One year into President Buhari’s second term in office, the scorecard could not be said to be all gloomy as there have been remarkable strides in some aspects of national life, especially infrastructure development, which would be a key boost to the economy.
The great work being done across the country on road networks, bridges, airports, railway network and housing are undeniable. The positive effect these would have on the economy in fullness of time isn’t also in contention.
On another hand, however, subsisting gaps and a number of unanswered questions from the first term are yet to be filled and answered.
While pockets of attacks by the insurgents still rage in the north, other forms of insecurity and violence, like kidnappings, farmers/herders’ clashes, and cult/gang fights have spread through and taken root in parts of southern Nigeria. The incidences came to a crescendo of sorts within the last 12 months, igniting fresh debates around such issues as state/regional policing and leading to the formation of states/regional security networks.
The anti-corruption crusade has not changed in tempo and approach either, as majority of opposition still consider it as an onslaught against the president’s political enemies, alleging that his allies are rarely followed through to prosecution.
Until recently when the dip in global oil prices occasioned by the Coronavirus pandemic forced a reduction in oil prices, there has been no improvement on the nation’s fortunes in the sector. Nothing new has come through on the Petroleum Industry Bill (PIB) though arguments with regards to the existence and appropriateness of fuel subsidy have remained sustained.

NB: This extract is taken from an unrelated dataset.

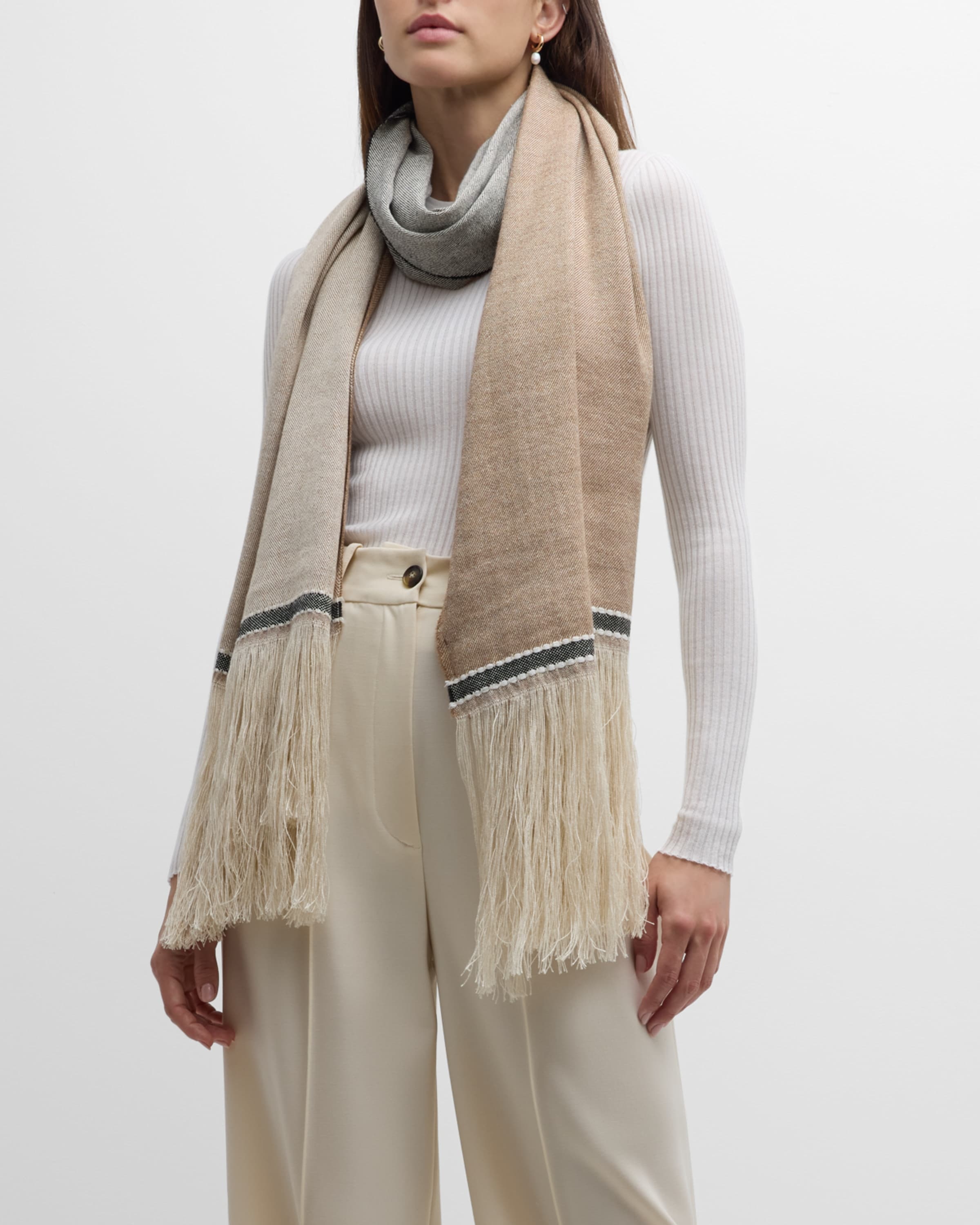 Aeroso Scarf with Fringe - 1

The economy has not fared particularly well as indices show it has been struggling. While economists continually lamented Nigeria’s sluggish growth in the second half of last year, the scenario has deteriorated for most of this year amid the twin shocks of the COVID-19 pandemic and global oil price crash. And the lockdown measures imposed across the nation, especially in the commercial nerve centre, Lagos, and the Federal Capital Territory (FCT), Abuja, has worsened the hit on the economy as the services sector now reels from the massive reduction in consumption.
On the heels of the about N3.5 trillion (around USD$ 9.7 billion) economic stimulus announced by the Central Bank of Nigeria (CBN) mid-March, the lower chamber of the legislature approved a stimulus bill later that month to help households and businesses cope with the fallout. Government is also set to secure funding worth USD$ 9.6 billion from multilateral lenders. The sharply deteriorated outlook of the nation’s economy prompted both S&P Global Ratings and Fitch Ratings to cut Nigeria’s credit rating further into junk territory recently, though Moody’s held off from a downgrade and retained Nigeria’s rating at B2 mid-April, citing her low debt burden offsetting the risks from the twin shocks.

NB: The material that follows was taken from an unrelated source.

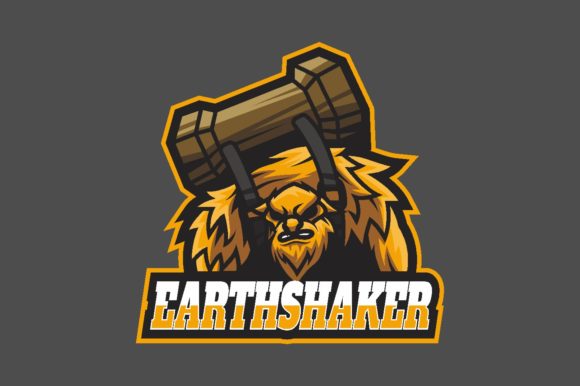 Unleash the Power of Earth Shaker Illustration Logo Graphic for Your Gaming Brand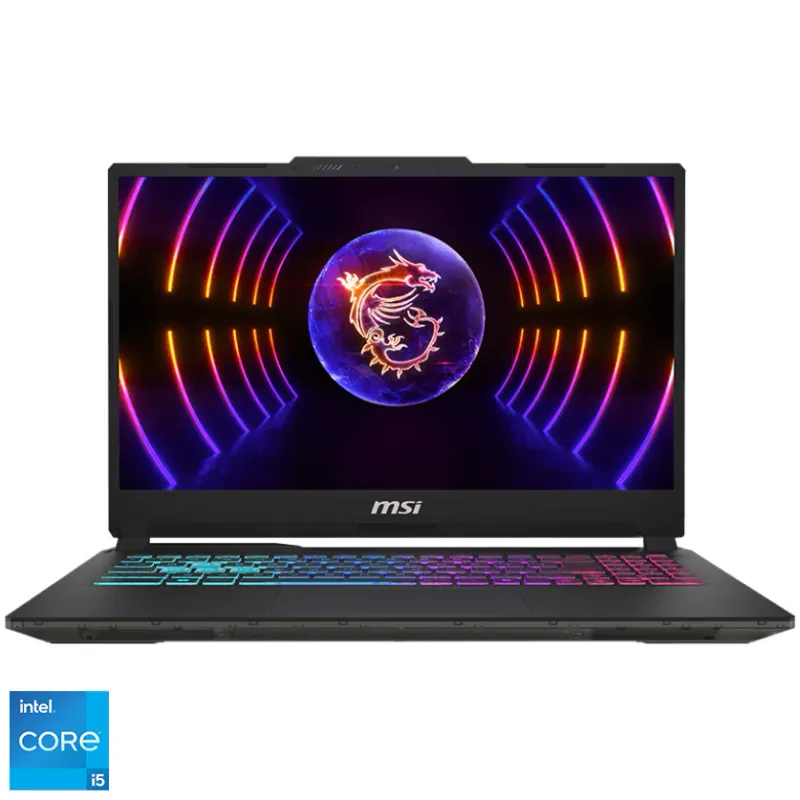Gaming MSI Cyborg 15 A13VF cu procesor Intel® Core™ i5-13420H pana la 4.6GHz, 15.6'', IPS, Full HD, 144Hz, 16GB DDR5, 512GB SSD, NVIDIA® GeForce RTX™ 4060 8GB GDDR6, No OS, Translucent Black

With the drive to stem the spread and flatten the curve of the COVID-19 pandemic getting into high gear, the disruptions to productive activities undoubtedly further darken the nation’s economic outlook.
There are sufficient indications already that the economy may contract again this year and bring things close to where they were during the 2016/2017 recession. One such indicator is the collapse in crude prices, which may hinder domestic production, batter forex and fiscal revenues, and add pressure to the nation’s international reserves and the currency.